24 stable releases (11 major)
Uses new Rust 2024
| 53.0.0 | Mar 24, 2026 |
|---|---|
| 52.5.0 | Apr 11, 2026 |
| 52.4.0 | Mar 22, 2026 |
| 51.0.0 | Nov 19, 2025 |
| 42.2.0 | Jan 22, 2025 |
#2289 in Database interfaces
56,657 downloads per month
Used in datafusion-variant
3MB
50K
SLoC
Apache DataFusion sqllogictest
Apache DataFusion is an extensible query execution framework, written in Rust, that uses Apache Arrow as its in-memory format.
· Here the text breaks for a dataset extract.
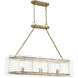 Genry 3 Light 41 inch Warm Brass Linear Chandelier Ceiling Light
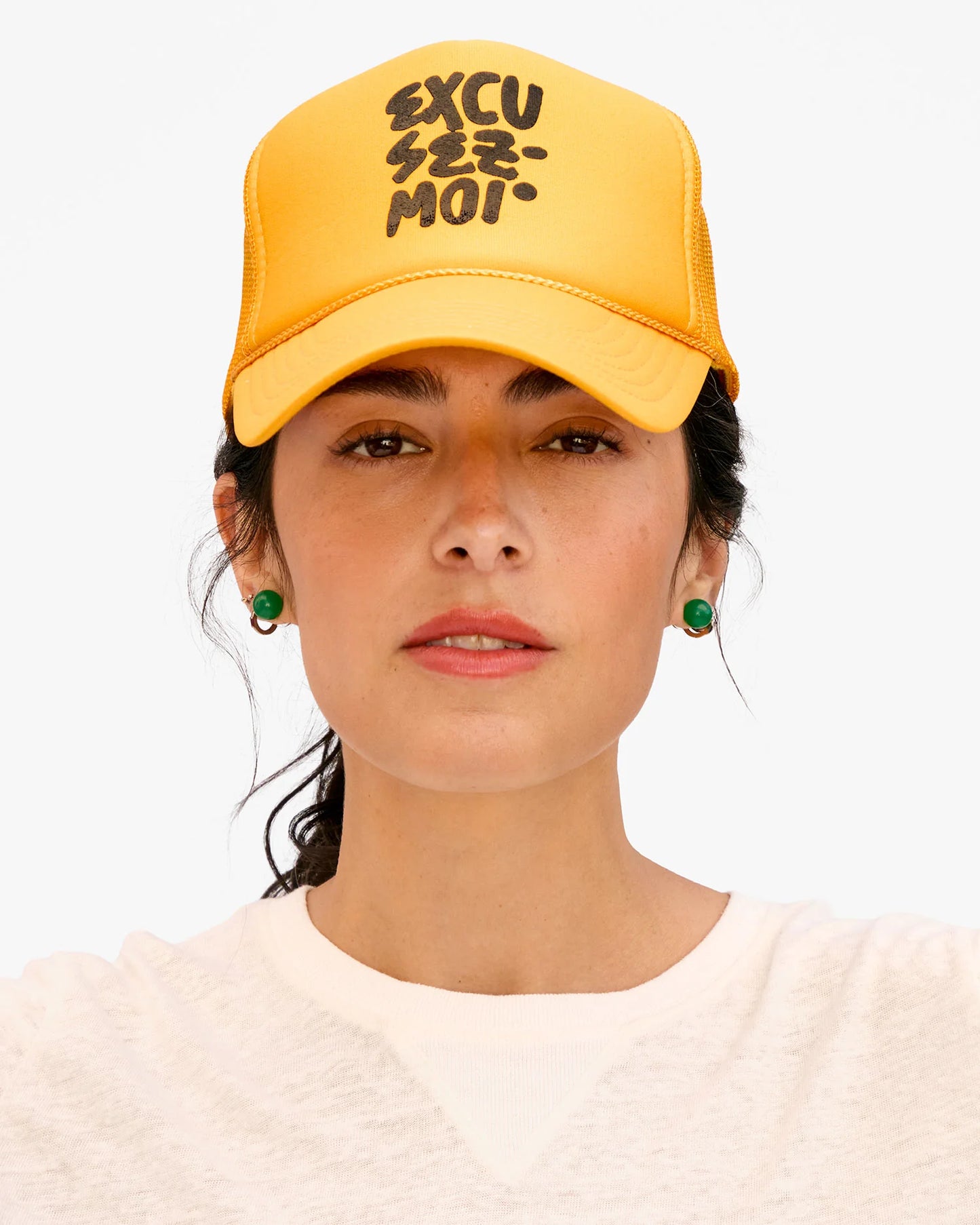 Clare V Trucker Hat, Excusez Moi/Marigold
This crate is a submodule of DataFusion that contains an implementation of sqllogictest.
Overview
This crate uses sqllogictest-rs to parse and run .slt files in the test_files directory of
this crate or the data/sqlite directory of the datafusion-testing repository.
Testing setup
rustup update stableDataFusion uses the latest stable release of Rustgit submodule initgit submodule update --init --remote --recursive
Running tests: TLDR Examples
# Run all tests
cargo test --test sqllogictests
# Run all tests, with debug logging enabled
RUST_LOG=debug cargo test --test sqllogictests
# Run only the tests in `information_schema.slt`
cargo test --test sqllogictests -- information_schema
# Automatically update ddl.slt with expected output
cargo test --test sqllogictests -- ddl --complete
# Run ddl.slt, printing debug logging to stdout
RUST_LOG=debug cargo test --test sqllogictests -- ddl
Per-file timing summary
The sqllogictest runner can emit deterministic per-file elapsed timings to help identify slow test files.
By default (--timing-summary auto), timing summary output is disabled in local
TTY runs and shows a top-slowest summary in non-TTY/CI runs.
--timing-top-n / SLT_TIMING_TOP_N must be a positive integer (>= 1).
# Show top 10 slowest files (good for CI)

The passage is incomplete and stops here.